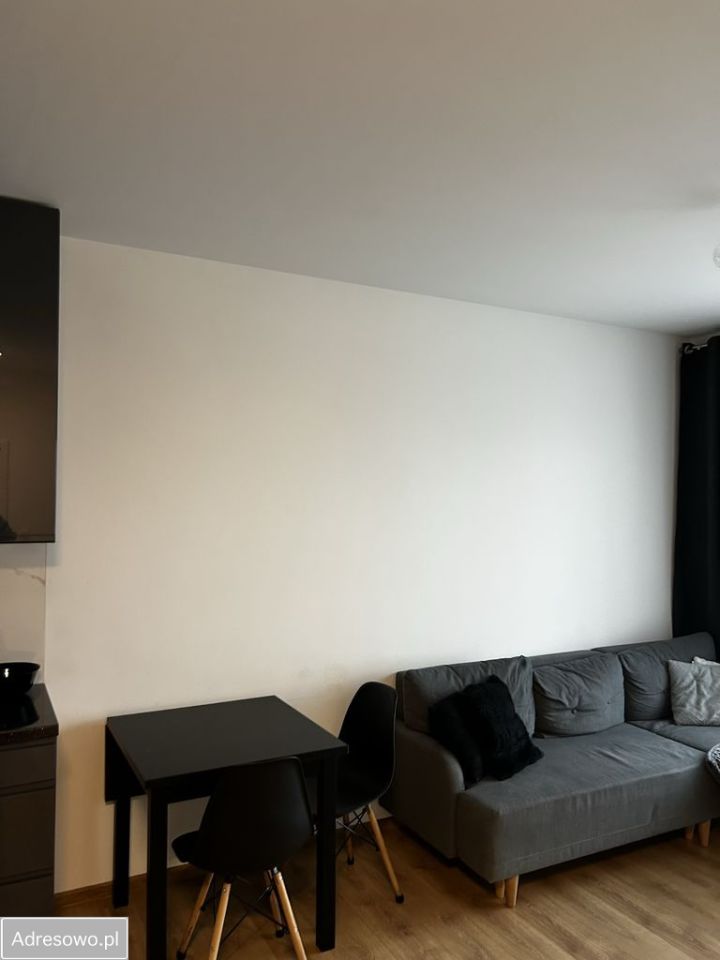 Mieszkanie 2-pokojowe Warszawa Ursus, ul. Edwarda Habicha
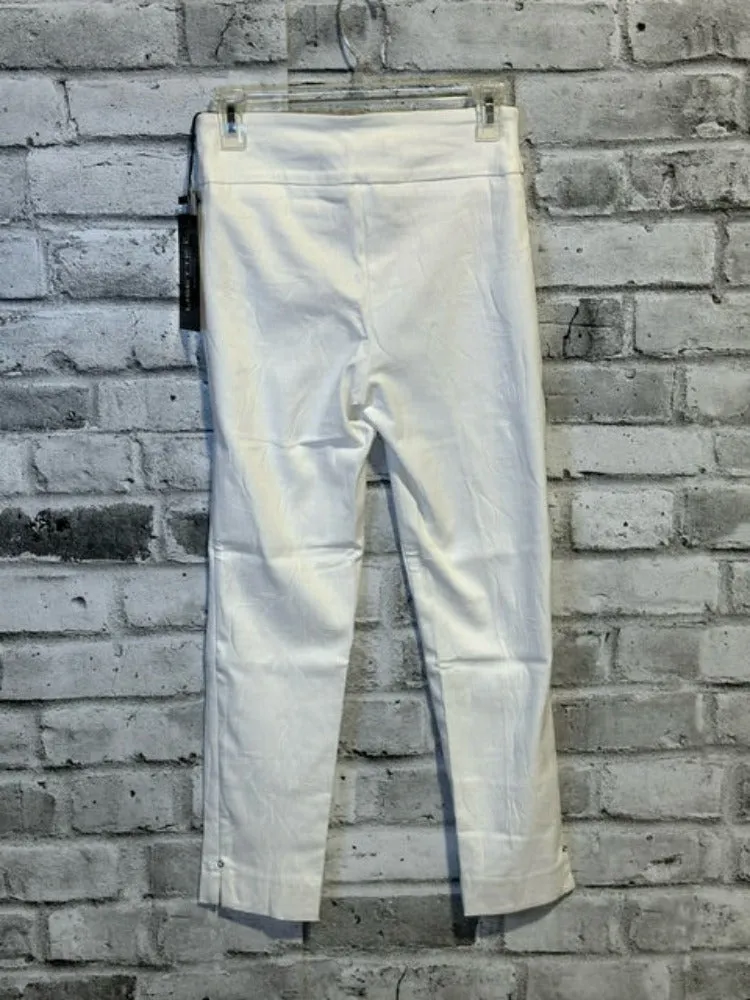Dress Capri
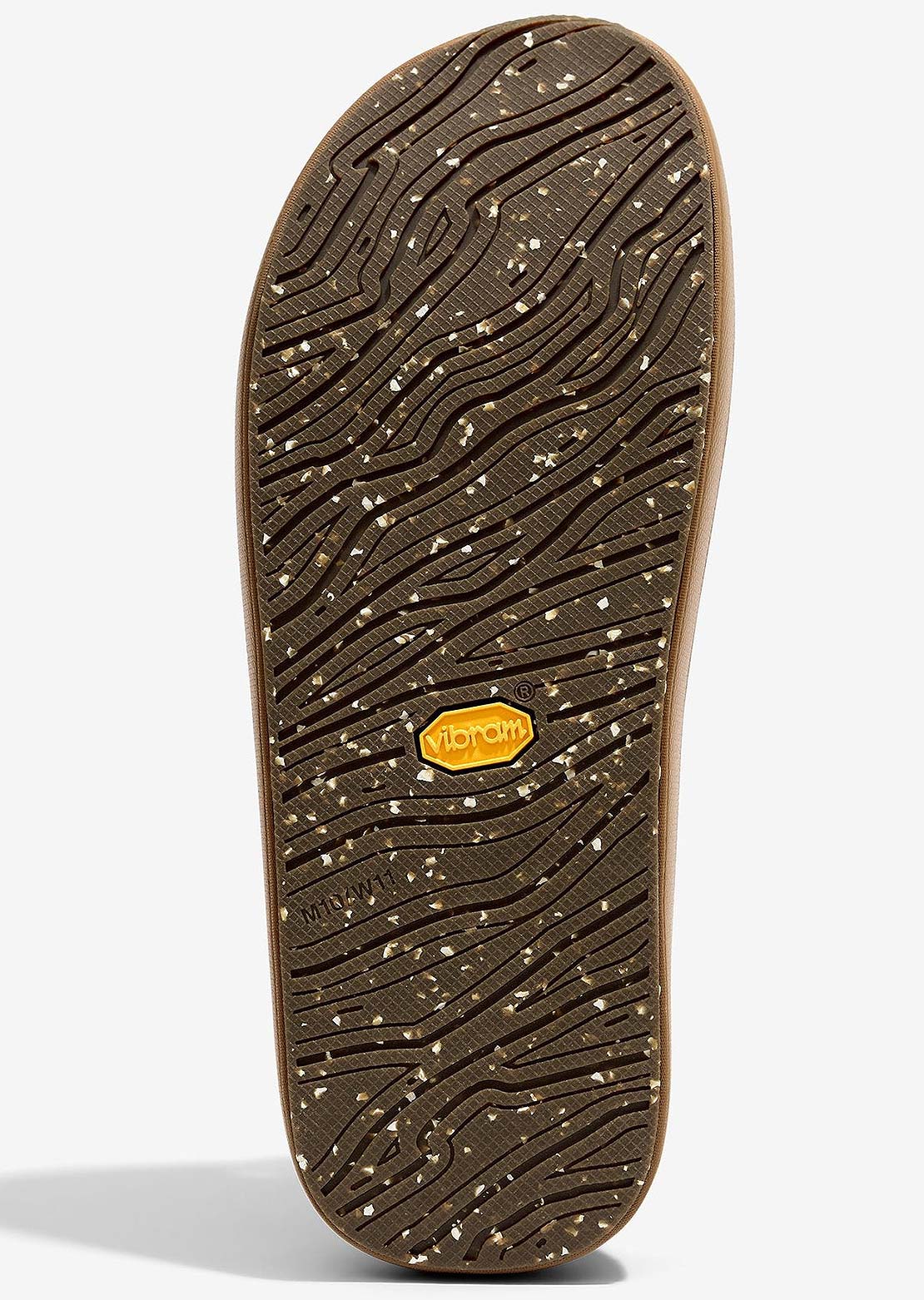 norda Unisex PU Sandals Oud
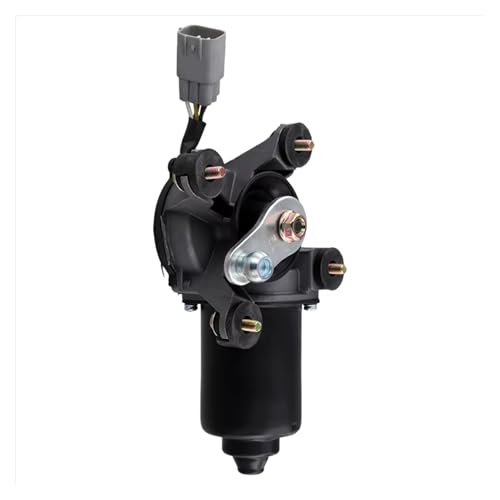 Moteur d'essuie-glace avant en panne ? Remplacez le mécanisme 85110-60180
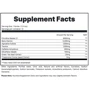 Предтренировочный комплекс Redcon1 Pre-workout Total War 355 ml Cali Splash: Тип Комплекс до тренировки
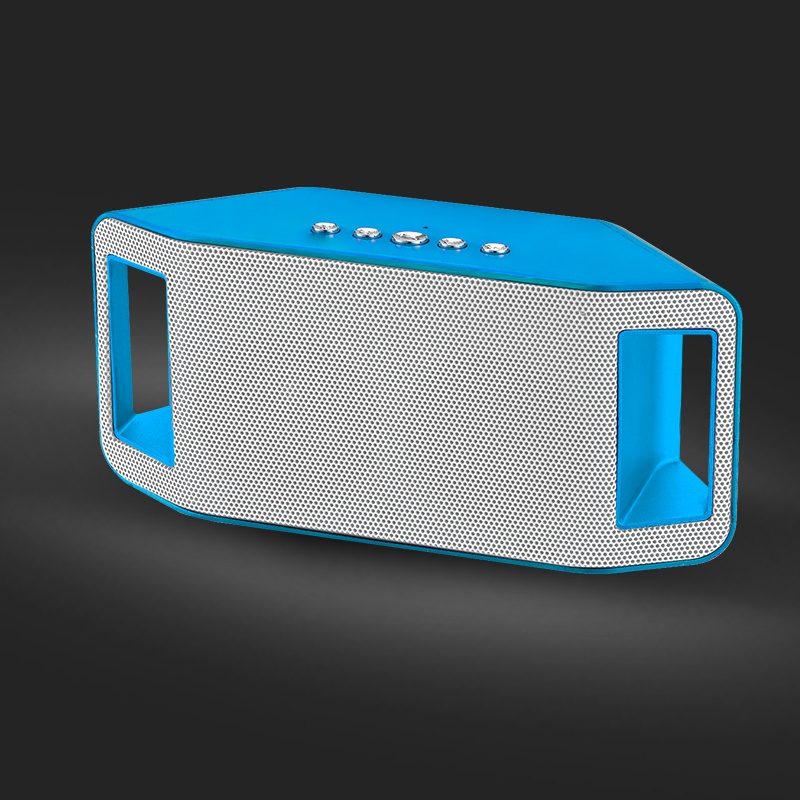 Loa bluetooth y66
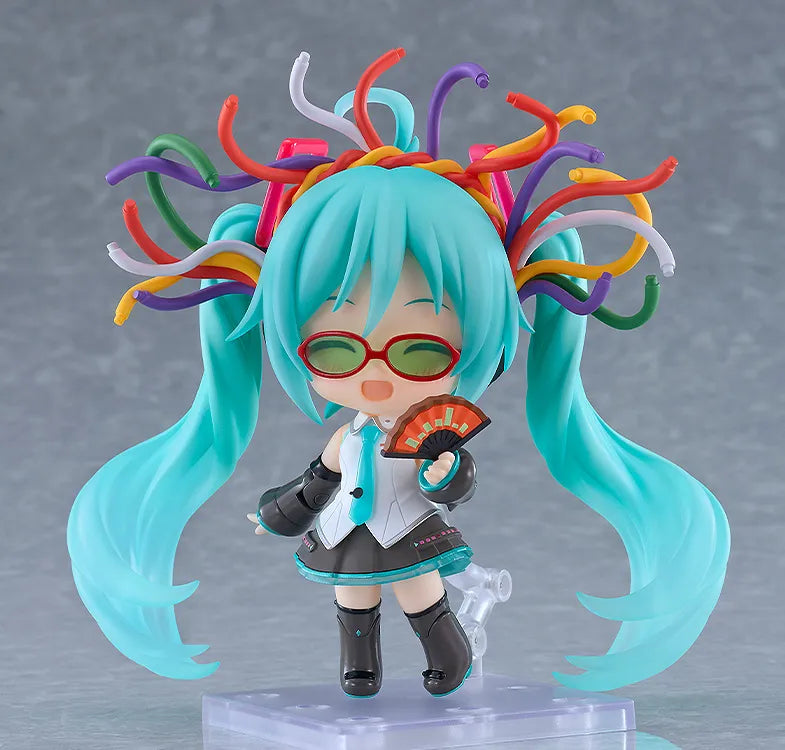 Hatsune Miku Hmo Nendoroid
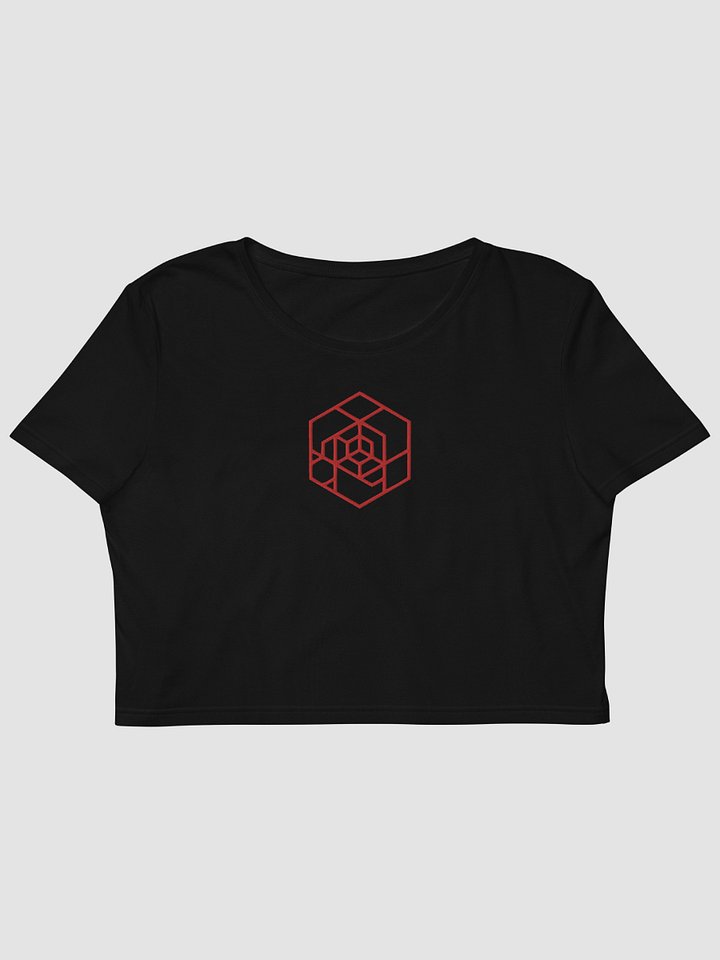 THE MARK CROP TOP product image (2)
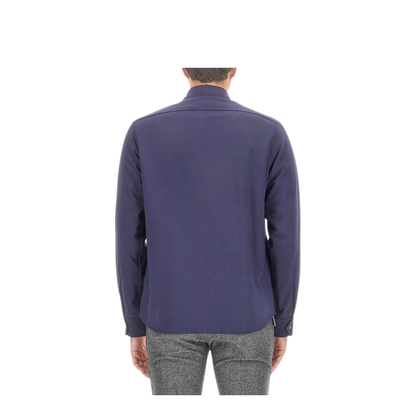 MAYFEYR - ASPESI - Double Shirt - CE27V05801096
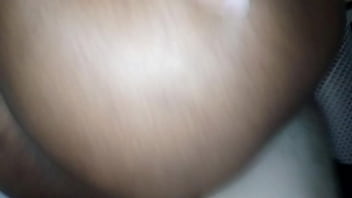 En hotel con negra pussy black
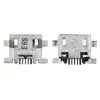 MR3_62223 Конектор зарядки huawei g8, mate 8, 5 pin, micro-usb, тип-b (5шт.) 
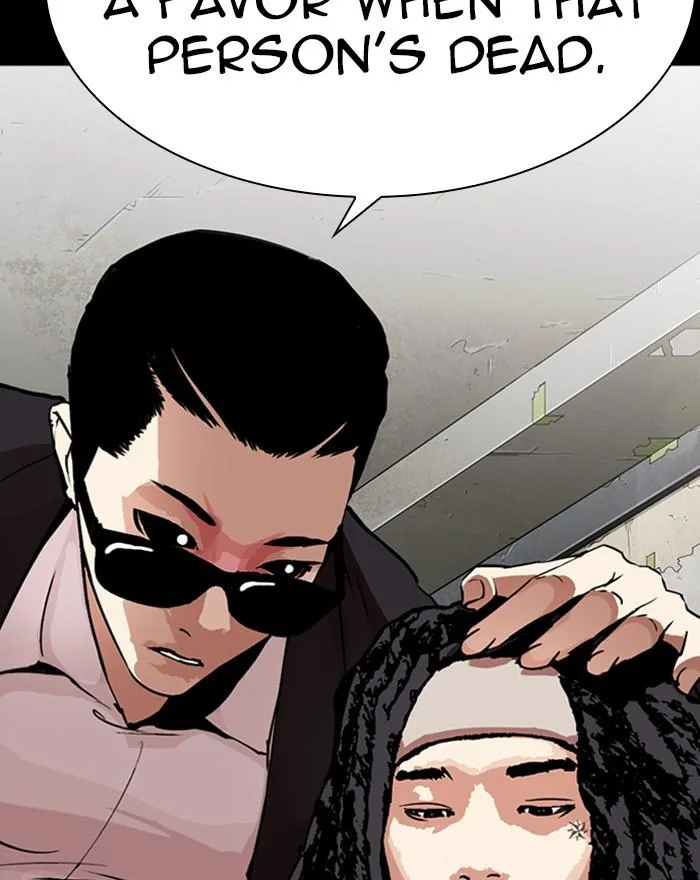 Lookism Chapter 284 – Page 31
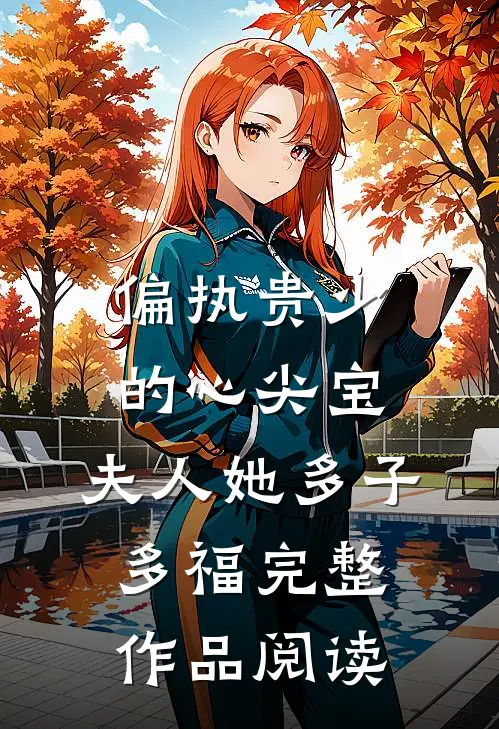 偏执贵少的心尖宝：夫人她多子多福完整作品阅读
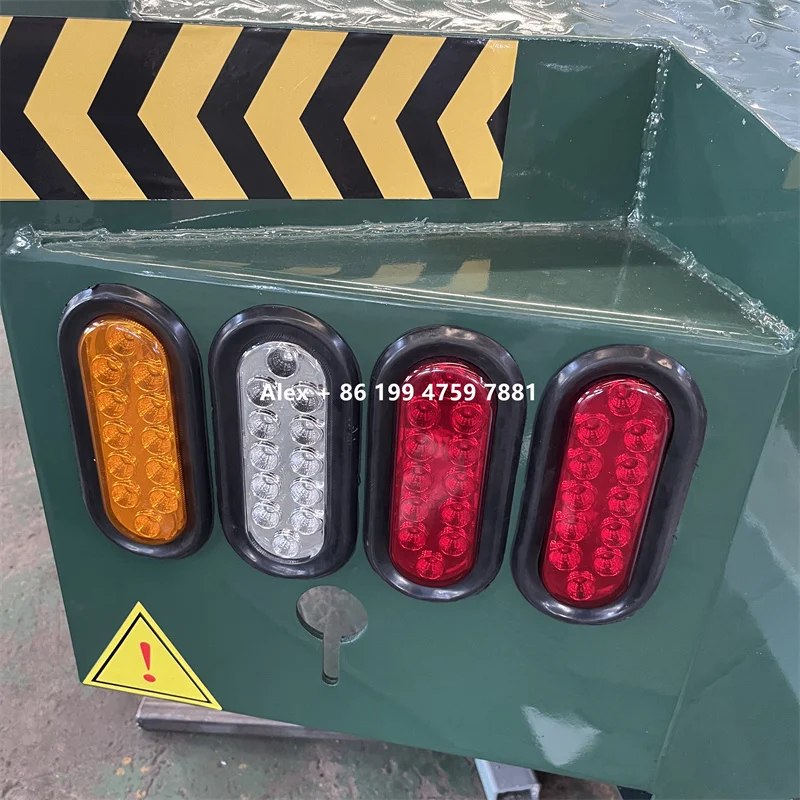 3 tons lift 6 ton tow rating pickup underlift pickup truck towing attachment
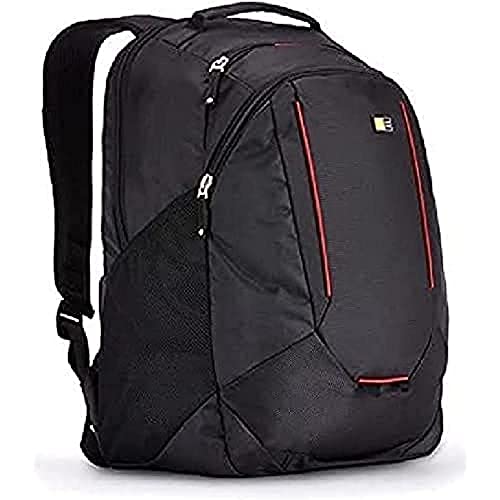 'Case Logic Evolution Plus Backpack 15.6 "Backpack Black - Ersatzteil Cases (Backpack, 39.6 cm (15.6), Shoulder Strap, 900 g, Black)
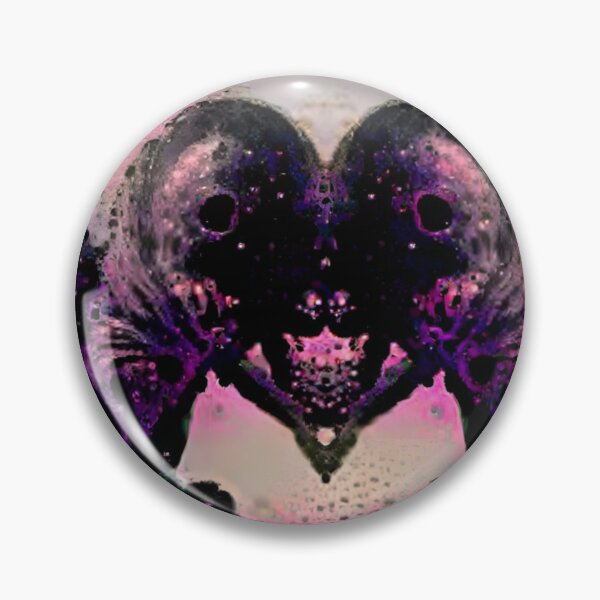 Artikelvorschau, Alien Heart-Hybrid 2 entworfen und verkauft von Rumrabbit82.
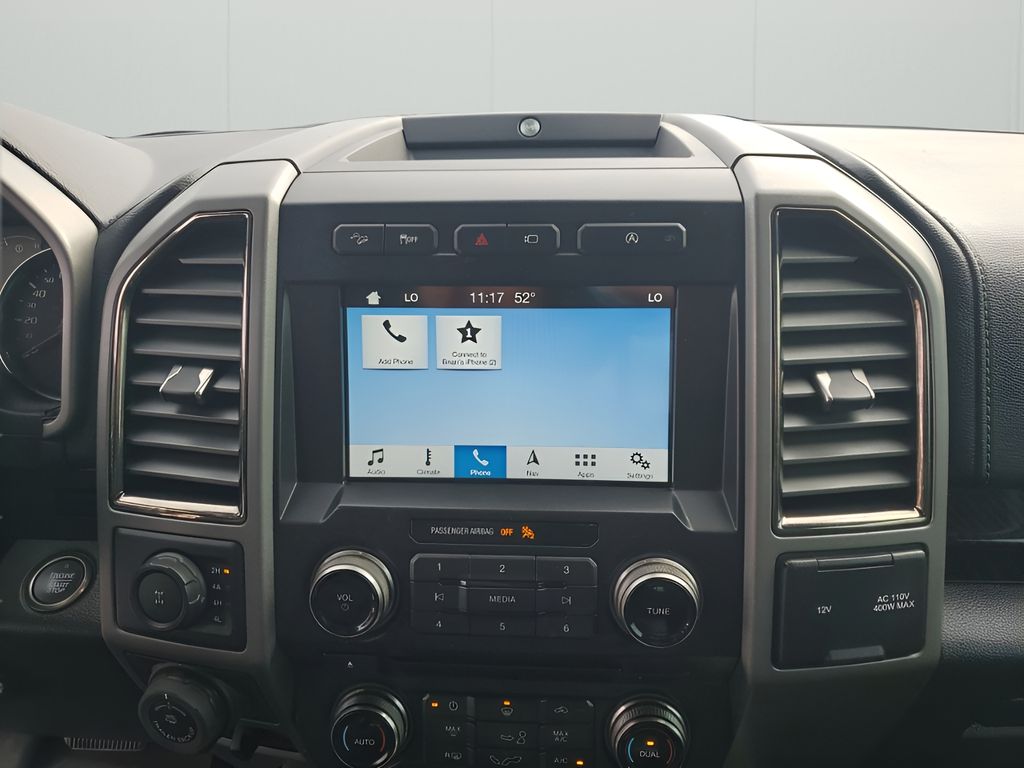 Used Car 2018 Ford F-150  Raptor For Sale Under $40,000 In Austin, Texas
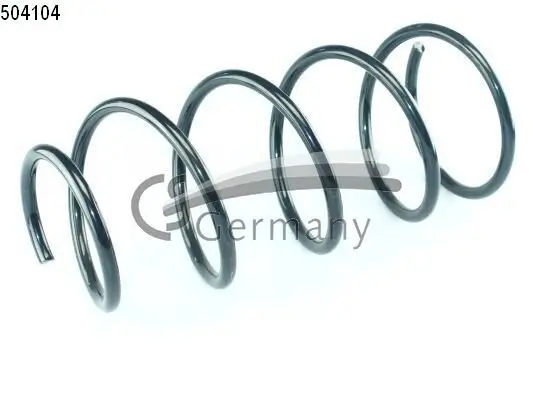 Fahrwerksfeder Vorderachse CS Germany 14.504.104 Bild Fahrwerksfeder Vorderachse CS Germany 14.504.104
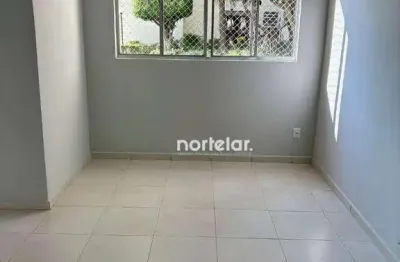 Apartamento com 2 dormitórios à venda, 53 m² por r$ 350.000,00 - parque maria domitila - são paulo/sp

▶ [EXERCISE REQUIREMENTS]:
The line containing "Fahrwerksfeder Vorderachse CS Germany 14.504.104 Bild" and every line after it, through the end of the records, are what you should retype exactly. Do not include the pictures.

▶ [EXERCISE SOLUTION]:
 Fahrwerksfeder Vorderachse CS Germany 14.504.104 Bild Fahrwerksfeder Vorderachse CS Germany 14.504.104
 Apartamento com 2 dormitórios à venda, 53 m² por r$ 350.000,00 - parque maria domitila - são paulo/sp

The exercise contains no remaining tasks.